Nas andanças do insólito par desfilam imagens deslumbrantes, tais como as estátuas falantes; o interior de uma imensa árvore oca onde flutuam monstros de Hieronymus Bosch; a festa pagã na floresta, com ninfas e faunos; a cidade em chamas e o poeta se masturbando perante a beleza do espetáculo do fogo e a sugestiva sequência no fundo do mar, numa catedral ortodoxa submersa, numa clara referência a Os Cantos de Maldoror, de Lautréamont, sequência cuja graça e leveza se opõe em atmosfera e plasticidade à descrição do edifício em construção abandonado frequentado por mendigos, yunkies e bêbados que refletem a degeneração do ser humano e onde podemos vislumbrar a “beleza do horror” de Baudelaire. Todavia, para compensar, Roldan-Roldan nos brinda com os magníficos voos da dupla, numa alusão ao misticismo selvagem de Rimbaud.
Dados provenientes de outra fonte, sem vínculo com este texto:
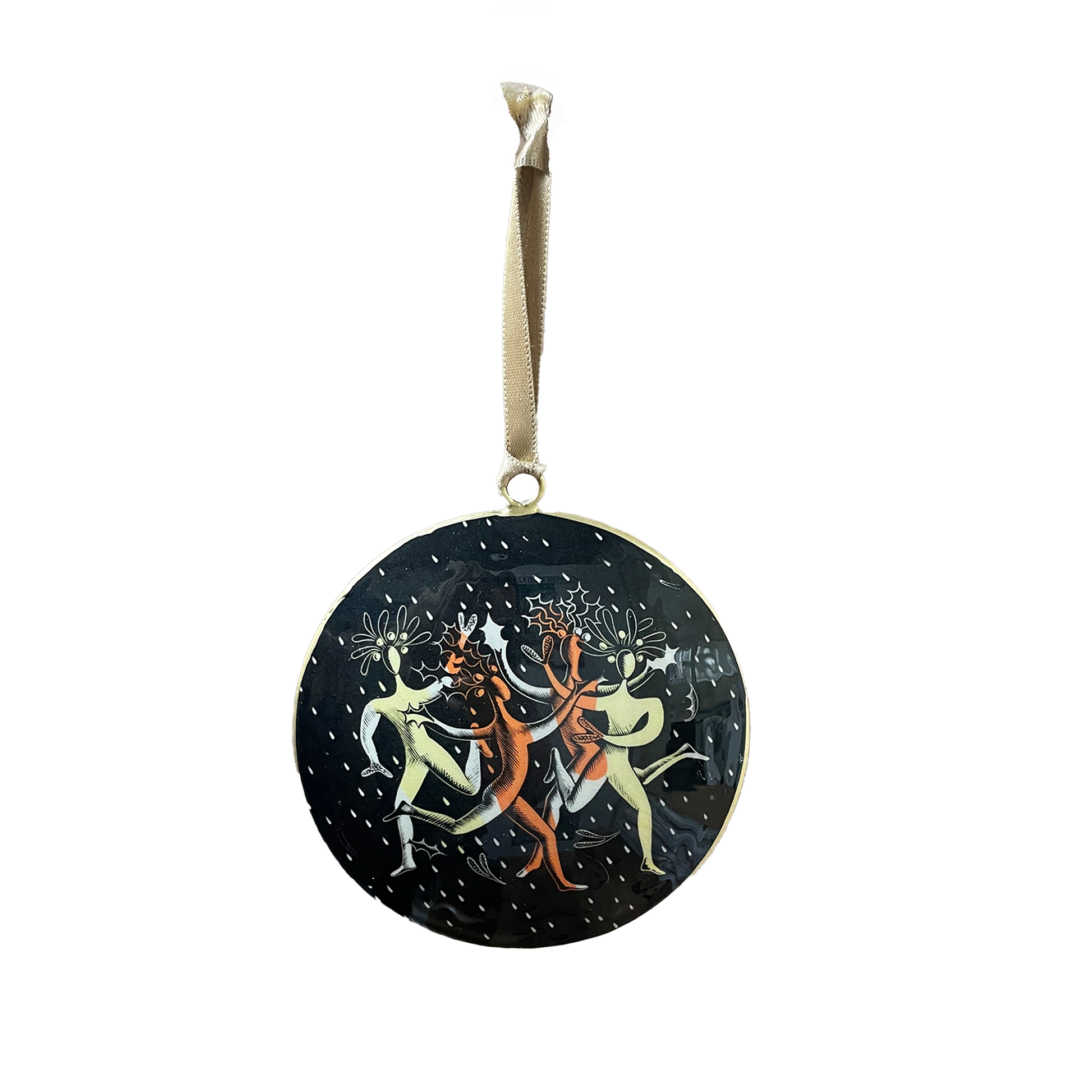 Decorative circular Christmas ornament with dancing figures on a black background, hanging from a pale gold satin ribbon.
Aliás, curiosamente, o misticismo que impregna todas as aventuras dos dois personagens é laico, ou seja, o que emana de todo o relato é uma espiritualidade laica, pois em nenhum momento a palavra Deus é mencionada.

A ressaltar também a exacerbação, o desespero da carne. Há no poeta, que como já foi citado é o narrador, uma obsessão sexual pelo anjo, cujo desejo não parece tão premente e obsessivo. Esse conceito, essa visão do sexo, que tortura mais que satisfaz, é uma característica da obra de Roldan-Roldan. Em Engel… o anjo bebe o esperma do poeta para, deixando aos poucos sua condição divina, tornar-se cada vez mais humano. O que não anula seu poder mágico de ainda poder voar e fazer o poeta voar, literalmente falando.

Absolutamente original, perturbador, instigante, denso e melancólico, Engel – Sinfonia Inacabada Para Anjo e Poeta ultrapassa o mero conceito surrealista de inconsciente e insere uma “mensagem”, propondo ao leitor não só uma delirante viagem onírica, mas uma dimensão, visceral e metafísica ao mesmo tempo, da busca eterna do ser humano pelo Ideal ou, para usar uma palavra cara a Roldan-Roldan, o Absoluto que, para ele, tende a representar o mais alto grau de espiritualidade. O que pode significar esse Deus que o escritor parece procurar em toda a sua obra e não encontrar. Em suma, Engel – Sinfonia Inacabada Para Anjo e Poeta é um assombro de originalidade, estética e densidade dramática.